We consider the middle of the symmetric bridge once more, this time varying the width of the bridge. We claim that for $$b \in (0,1)$$ there is a particular width bridge for which we are indifferent as to whether we choose the middle of the bridge (i.e. $$t_2=\frac{1}{2} t_1$$ or the optimal outside solution. Specializing to this case implies $$\lambda_2=\lambda$$ so we write $$S(u) = D(\lambda_2=u,\lambda=u;b)$$. From the formula for $$D$$ given above we have \begin{eqnarray} S(u) &= & \frac{1}{2}(1+b^2) - \left( b \frac{ 2u}{ 1 + u^2} + \frac{1}{2} \frac{ (1-u^2)^4 } { ( 1- u^4 )^2 } \right) \\ &= & \frac{1}{2}(1+b^2) - \rho(u;b) \end{eqnarray} where \begin{equation} \rho(u;b) = b \frac{ 2u}{ 1 + u^2} + \frac{1}{2} \left( \frac{1-u^2}{1+u^2} \right)^2 \end{equation} A little algebra shows that \begin{equation} \frac{ \partial }{\partial u} \rho(u;b) = \frac{ 2(u^2-1)(bu^2-2u+b)}{ (1+u^2)^3} \end{equation} which is zero for any solution of $$b u^2-2u+b=0$$. If $$b<1$$ we do indeed want the root in $$0,1$$ given by \begin{equation} u = \frac{1-\sqrt{1+b}}{b} \end{equation} So substituting $$u^2 = \frac{2u-b}{b}$$ back into $$\rho$$ yields, after a little simplification: \begin{equation} \rho\left(u=\frac{1-\sqrt{1+b}}{b};b\right) = \frac{1}{2}(1+b^2) \end{equation} which we recognize as precisely the value of the one period problem. This shows that \begin{eqnarray} S(u) &= & \frac{1}{2}(1+b^2) - \rho(u;b) \\ & \ge & \frac{1}{2}(1+b^2) - \max \rho(u;b) \\ & = & \frac{1}{2}(1+b^2) - \frac{1}{2}(1+b^2) \\ & = & 0 \end{eqnarray} as claimed.
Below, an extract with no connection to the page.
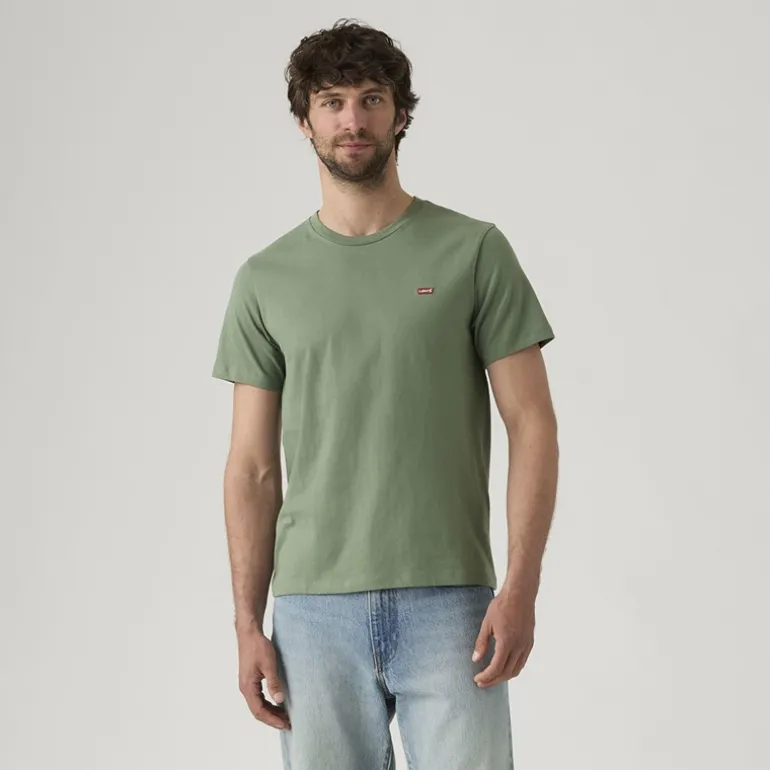 Levi's Herren Original HM T Shirt Laurel Wreath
Lemma G: For $$b >1$$ the function $$S(u) = D(\lambda_2=u,\lambda=u;b)$$ satisfies $$S(u) > 0$$ for $$u \in (0,1)$$. It approaches value zero as $$u \rightarrow 1$$, corresponding to the case of a very short bridge.

The limiting case is obvious algebraically and geometrically, since for $$b>1$$ we have \begin{eqnarray} S(u) &= & b - \left( b \frac{ 2u}{ 1 + u^2} + \frac{1}{2} \left( \frac{1-u^2}{1+u^2} \right)^2 \right) \\ & \rightarrow & 0 \end{eqnarray} as $$u\rightarrow 1$$. Moreover we can simplify to \begin{eqnarray} S(u) &= & \left(\frac{1-u^2}{1+u^2} \right) \left( 1+ \frac{1}{2} \frac{(1-u)^2}{(1+u^2)} \right) \end{eqnarray} which is evidently greater than zero.